On first glance the amount looks too small to matter. Till you realize the incumbents have over 650 million subscribers between them. And that, thanks to the asymmetry of a new player ramping up, they ended up receiving roughly 9 calls from Jio’s network for every call out from their own to Jio. The paise add up quickly.
Bharti Airtel alone, for instance, is estimated to have earned Rs 500 crore ($92 million) from Jio’s incoming calls in the most recent quarter. The contribution of IUC to Bharti Airtel and Idea’s wireless income was estimated by Mint to be 14% and 18% respectively.
This month, that silver lining is about to start disappearing. India’s telecom regulator TRAI is expected to announce a drastic cut in IUC this month. Estimates of the cut range from 50% to 100%.
The impact of that on Bharti Airtel and Idea’s pre-tax profits range from 4-6% and 9-15%.
Tempting as it may be to blame Reliance and its legendary ability to swing regulatory decisions in its favour, in this case, the incumbents are as much to blame. Through a mix of arrogance, overconfidence, and lack of strategic foresight, they’ve painted themselves into the same corner as state-owned telco BSNL did in the early 2000’s. Today’s incumbents were then the challengers.
The clock’s come full circle.
Obstruct and choke
“In 2003 Reliance painted the same incumbents as monopolists safeguarding their higher prices, turning customer and regulatory sentiment against them. It’s literally the same movie playing again,” says Kunal Bajaj, CEO, ETIPL, a telecom services startup and former telecom analyst.
He’s referring to Reliance’s original disruptive telecom play, Reliance Communications. Like Jio today, RCom used an advanced technology as a differentiator to enter a crowded race late. For Jio’s 4G LTE, RCom had 3G CDMA.

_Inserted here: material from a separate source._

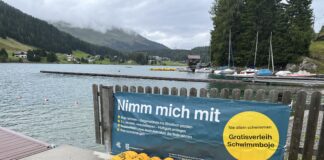 Gelbe Schwimmbojen aneinandergereiht am Ufer eines Sees. An dem Zaun vor dem Steg ist ein Banner angebracht mit dem Text: "Nimm mich mit. Boje nehmen - Gegenstände ins Staufach packen. 3x wickeln, verschließen - Hüftgurt umlegen. Schwimmen - zum Ausruhen über die Boje lehnen. Boje zurückbringen. Nie allein schwimmen. Gratisverleih Schwimmboje"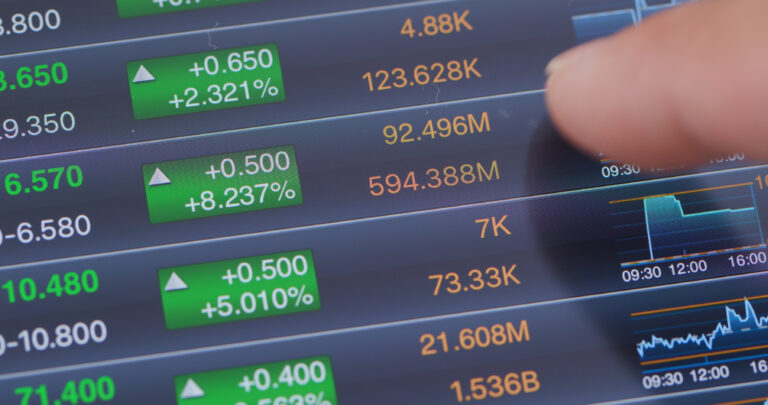 Digital tablet computer showing stock market data graph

Like LTE today, CDMA was advanced for 2003 because it was optimized for data traffic too. The incumbents, led by Bharti Airtel, instead of co-opting CDMA for their own future, banded together under the GSM (the network technology powering most conventional networks then) umbrella and attacked CDMA.
Over the years, due to a mix of adverse customer selection, an intra-family split within the Ambani family and successful lobbying in favour of GSM by the incumbent operators, CDMA never really took off in India. Even though it was demonstrably a better technology.